The Foursquare API was queried using those coordinates, in order to identify the most relevant venues present in each borough, storing the information in a dataframe.
Later, it was necessary to filter the dataframe and extract, from the feature "avenues_category", only the venues related to a type of restaurants, in order to focus the research on the right topic.

![restaurants.png](attachment:c6ae14b3-f4a0-479f-a9bc-3a3f7ae0f56e.png)

The dataframe yet required some additional adjustments, so, as first, it was decided to remove duplicates.
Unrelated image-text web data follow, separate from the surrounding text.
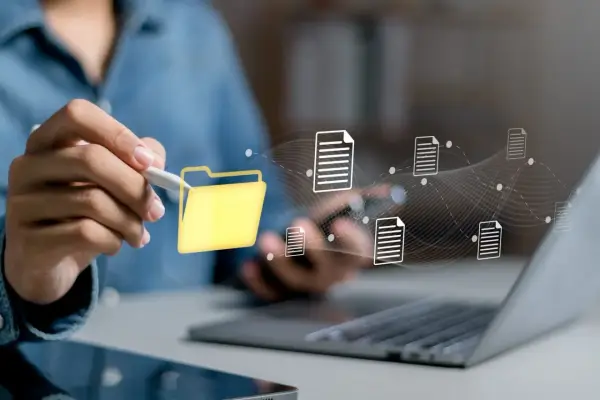 Main d'une personne utilisant un stylet pour interagir avec une icône de dossier jaune, symbolisant la digitalisation des processus et le flux de documents numériques.
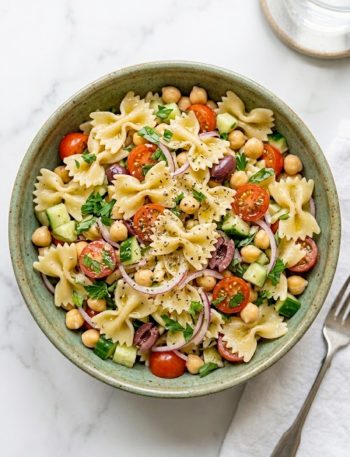 A large ceramic bowl filled with vegan Greek pasta salad made with farfalle pasta, chickpeas, cherry tomatoes, cucumber, kalamata olives, and red onion tossed in a bold lemon herb dressing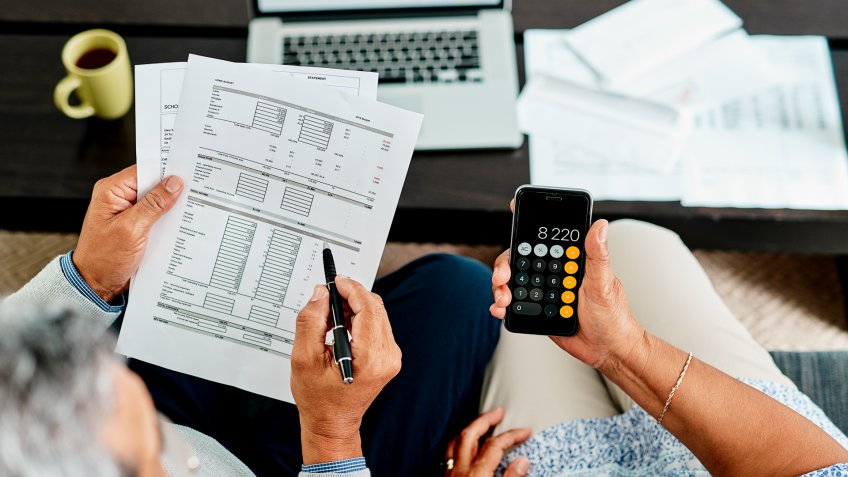 High angle shot of a couple calculating their finances together at home.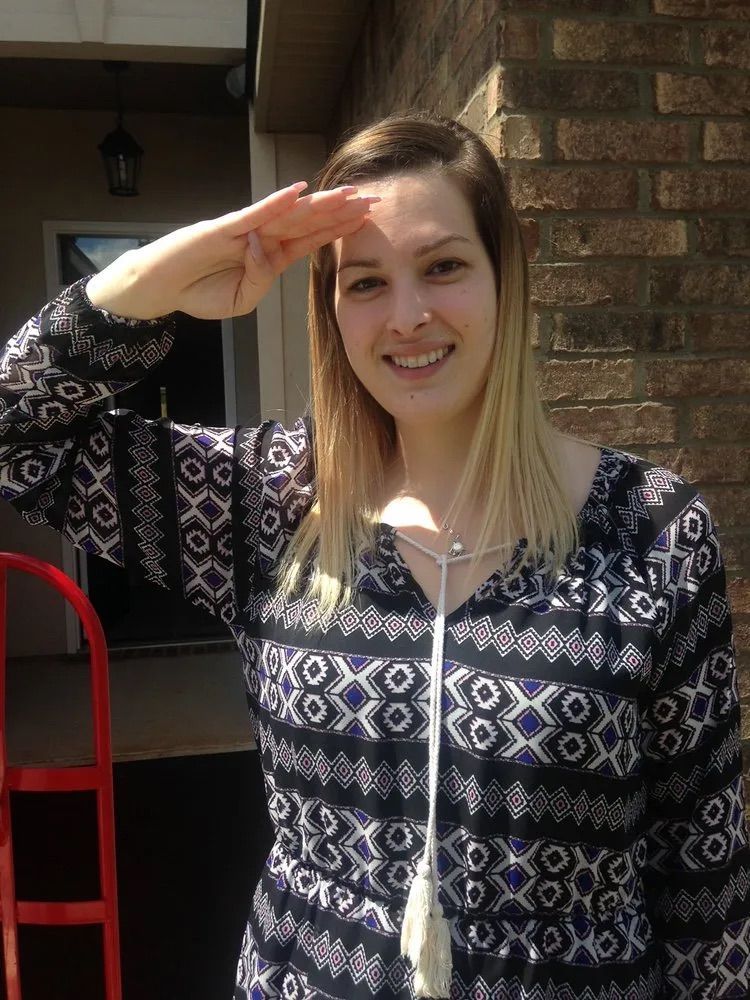 A person with blonde hair wearing a patterned blue and white top saluting in front of a brick building.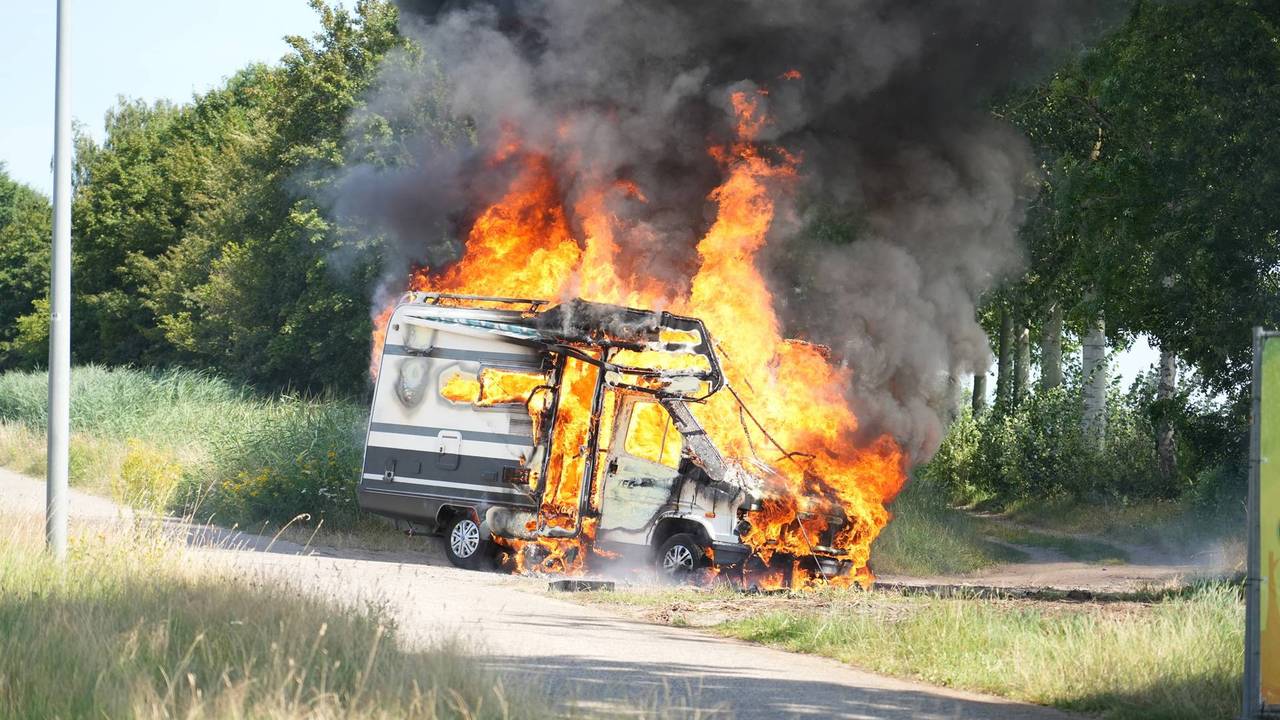 Vlammen slaan uit camper in Rijen, meerdere knallen te horen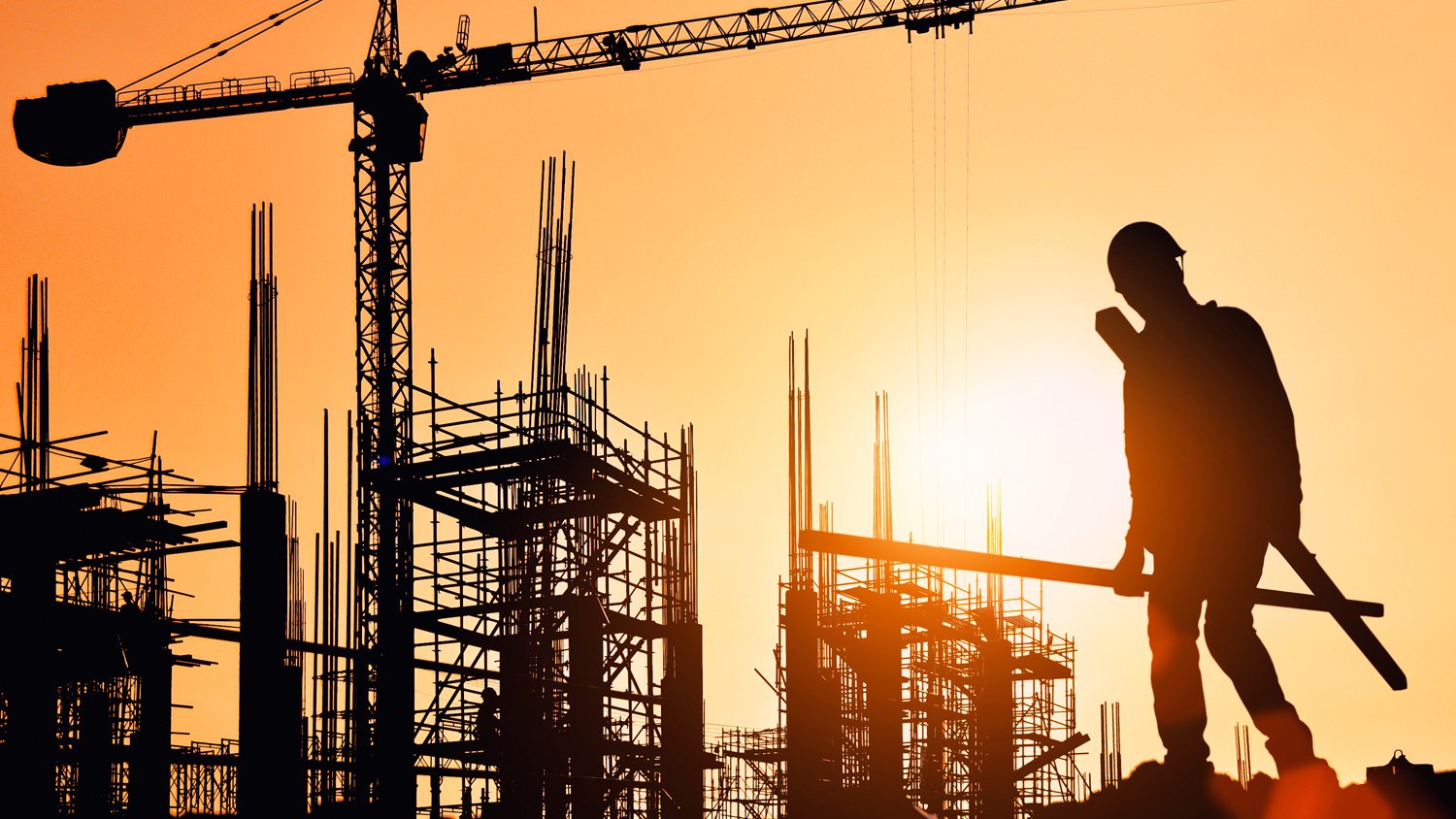 Obrero en una estructura en construcción al atardecer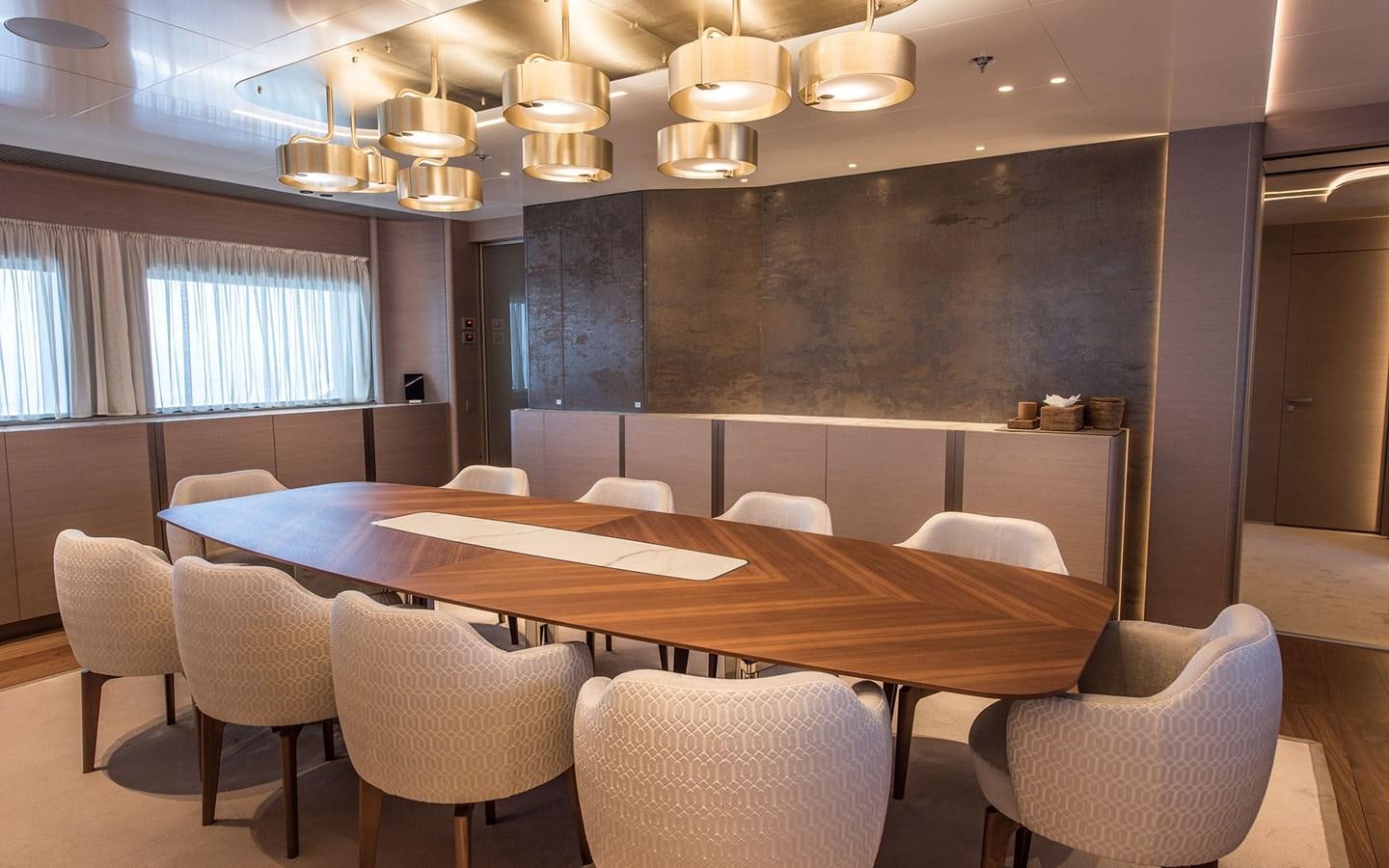 a room with a table and chairs aboard FLORENTIA Yacht for Sale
In addition, from the feature "avenue_category" it was decided to remove the label "Restaurant" as, while being very present, it is too generic and it likely hides significant information, while watering down others.

As for the analysis, it was decided to use unsupervised K-Means algorithm, since the target of the research was to identify possible hidden commonances among the neighbourhoods.
Before running KMeans algorithm, it is necessary to assess the proper value of k, which is the number of clusters in which the dataset will be split. 

Several analysis with different values of k, from 2 to 9, have been then run, saving from each the distorsion coefficient. 
Increasing the number of clusters, the precision raises, thus it is necessary to check the "elbow curve", seeing on which value of k the precision increases less.

![elbow_curve.png](attachment:9848bdca-1a8f-4171-856d-30e61165028f.png)

From the chart, it is possible to notice that the desired number of clusters for the algorithm is 3.

The analysis has been then run with k = 3, identifying the labels for each borough and including in the dataframe.

![k_means analysis.png](attachment:25e11f12-ec0b-494f-ab0b-ea7b84808b14.png)

## RESULTS

Once the labels have been obtained, it is possible to run them on a Folium map, in order to see if there are immediately recognizable geografical patterns.

![labels_map.png](attachment:2a61ab64-16a9-4380-8320-2d5c3e8184b7.png)

Actually, the blue cluster tends to be a little more present on the outer neighbourhoods, while red and green tend to split the left and right sides.
Since the target was to identify some pattern among the restaurant types distribution, these results show that this could be the right direction.

In order to confirm it, some analysis on the clusters and their data distribution have been conducted.
In particular, for each cluster, the most common types of restaurant were identified and the average of the presence was calculated and displayed on a scatter plot.

![distribution.png](attachment:cf54632f-0817-4487-ab80-044629317cce.png)

## DISCUSSION OF THE RESULTS

The easiest result that is possible to notice is that in Milan the majority of the restaurants are Italian or are Pizza place. While this aspects seemed easily foreeseable, it also shows a limit of the categories presented by Foursquare API, because "Italian Restaurant", especially in Italy, is probably too vague, as it can be differentiated according to local cuisuine of the different regions.

Anyway, the average distribution of the most common type of restaurants seem to match the geographical clustering highlighted with the clustering.

In fact, the blue cluster, that is number 2, is the one that probably better characterize the restaurant in the most peripherical boroughs, shows a high presence of "Pizza place" that, while being part of Italian cuisine, is probably cheaper than a more traditional Italian restaurant.

The red cluster instead, number 1, presents a higher percentage of Italian Restaurant,  on average more expensive, is in fact associated with the right/center area of Milan, which is typically more luxurious.

## CONCLUSIONS

While this analysis seems to identifies a certain trend and distribution of the restaurants in Milan, it could be greatly improved if combined with a more accurate analysis of the cost of life in Milan, which could help contextualizing the above results.
Yet, in case of a real problem related to the necessity of opening a new restaurant in Milan, this research could be a first step, which should lead to an economical analysis.

Concerning the study itself, it would probably require to use a better starting dataset where the information about the venues should be taken, as Foursquare seems to have too broade categories, which will likely need to be brokedown manually, for example the "Restaurant" and "Italian Restaurant" categories.